Your copy starts at the line containing "Photo - 2 bedroom" and ends at the last line below. Copy exactly, without pictures.
★ ★ ★ ★ ★
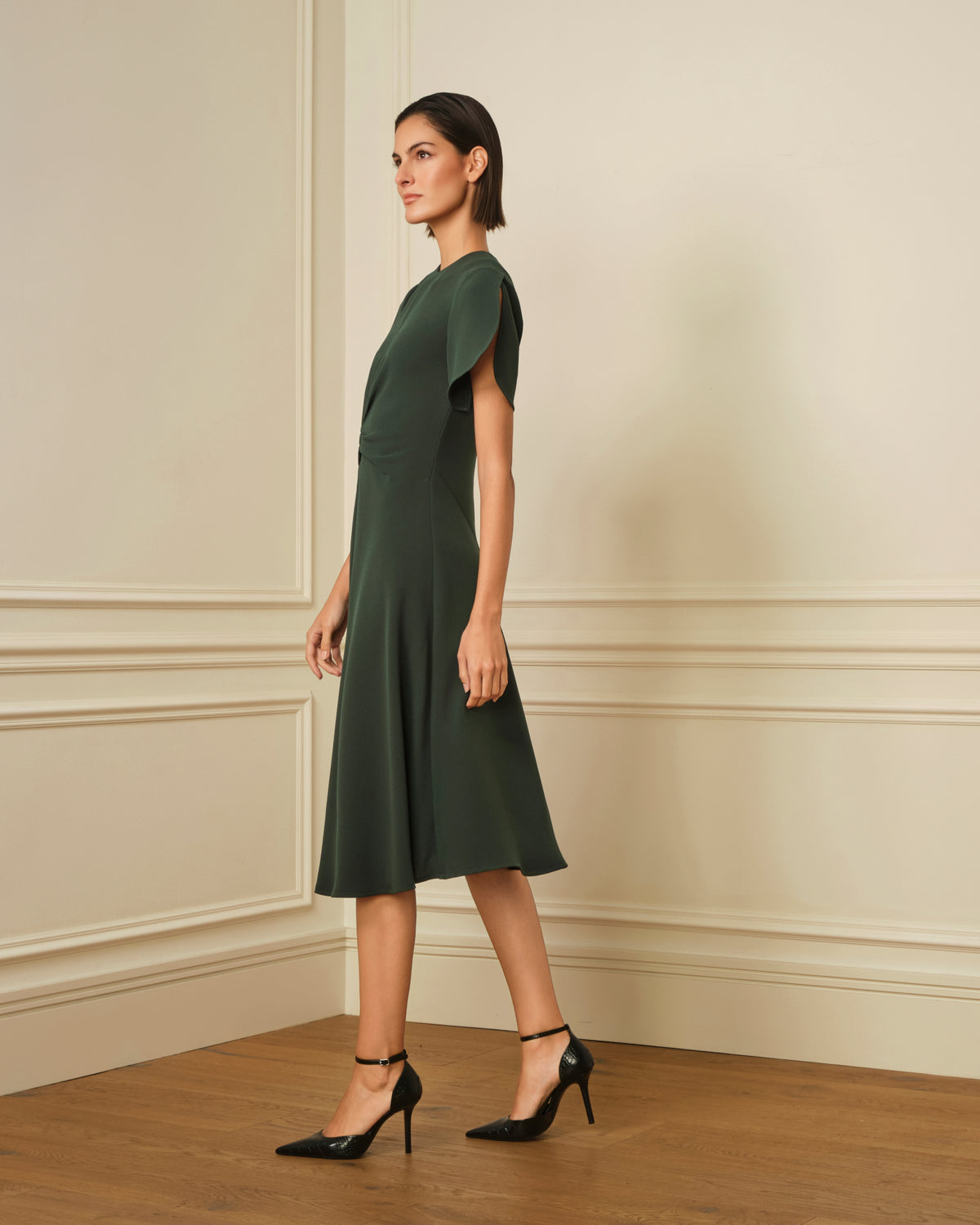 VESTIDO MIDI NUDO VERDE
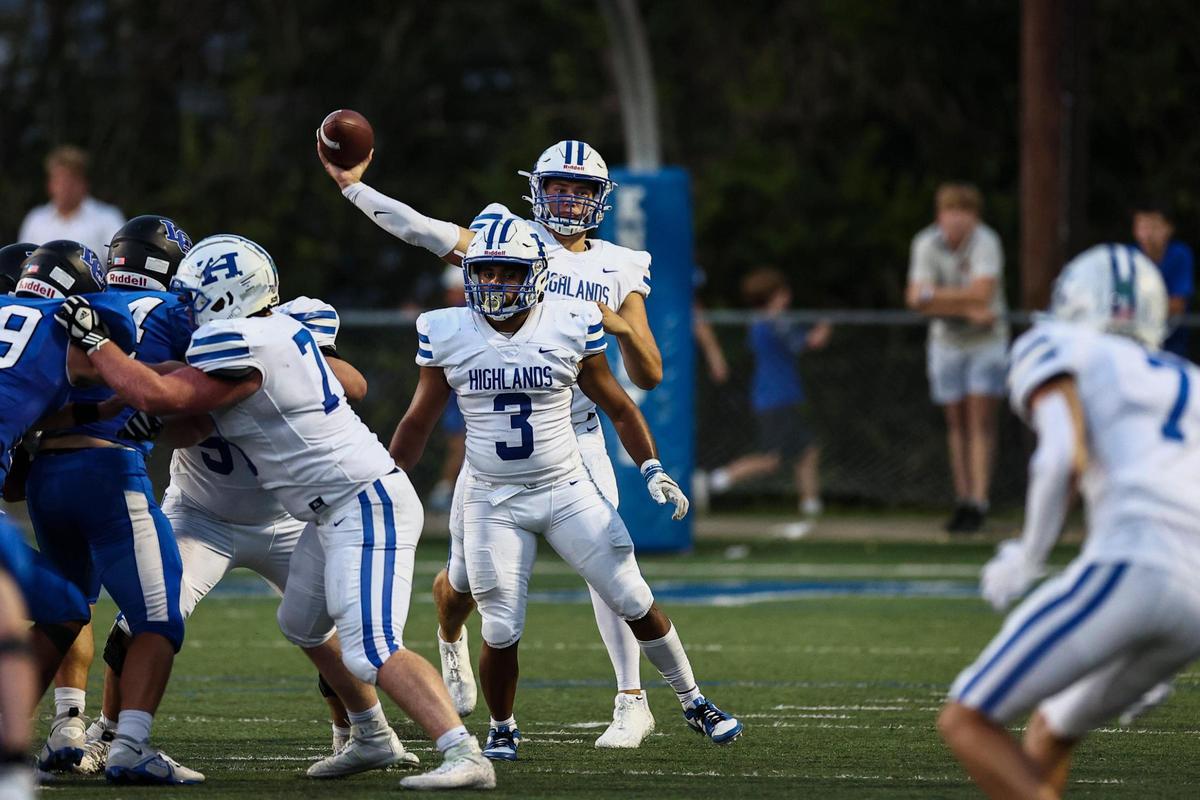 Highlands quarterback Brody Benke (8) has passed for 24 touchdowns and run for 17 this season.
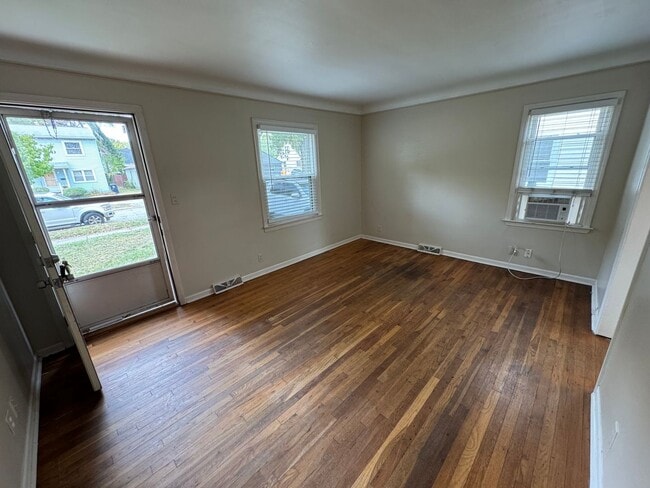 Photo - 2 bedroom ranch with garage and fenced yard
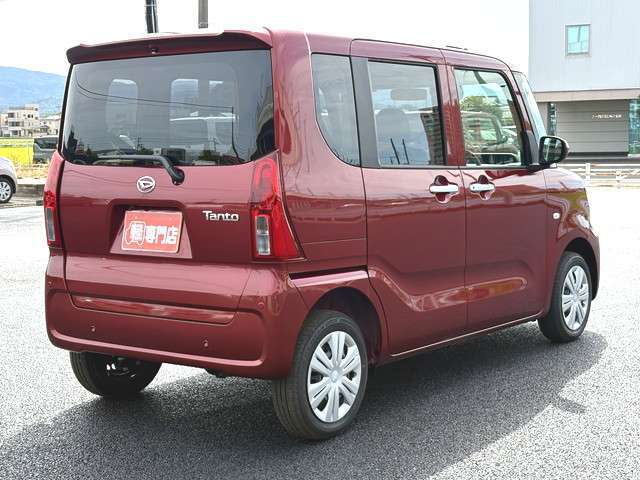 当店の届出(登録)済未使用車、中古車ご購入希望のお客様には一度ご来店いただき現車をご確認いただいております。遠方からの場合ご足労お掛けしますが一度ご来店をお願いします。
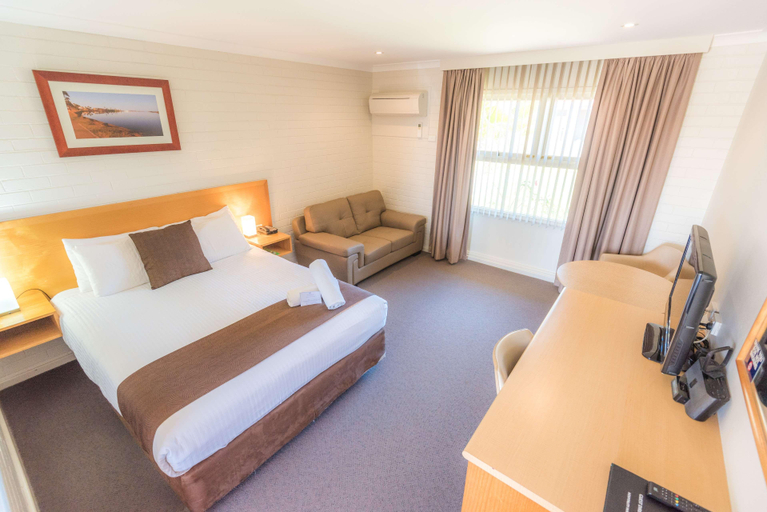 Bedroom 3, Hospitality Carnarvon, SureStay Collection by Best, Carnarvon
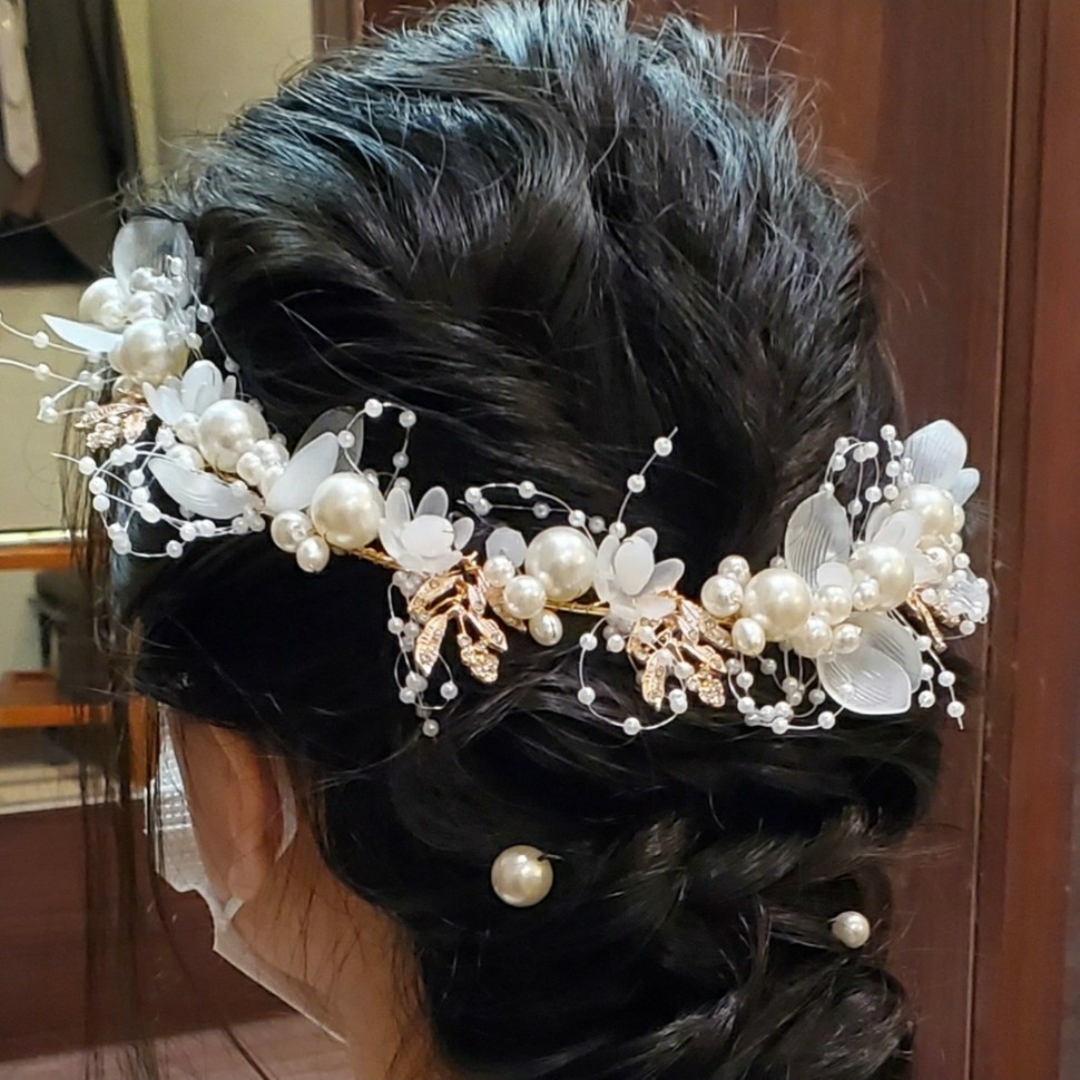 花冠　結婚式　ヘアアクセサリー　カチューシャ　ヘアバンド レディースのヘアアクセサリー(カチューシャ)の商品写真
★ ★ ★ ★ ★
[Written reply]
 Photo - 2 bedroom ranch with garage and fenced yard
 当店の届出(登録)済未使用車、中古車ご購入希望のお客様には一度ご来店いただき現車をご確認いただいております。遠方からの場合ご足労お掛けしますが一度ご来店をお願いします。
 Bedroom 3, Hospitality Carnarvon, SureStay Collection by Best, Carnarvon
 花冠　結婚式　ヘアアクセサリー　カチューシャ　ヘアバンド レディースのヘアアクセサリー(カチューシャ)の商品写真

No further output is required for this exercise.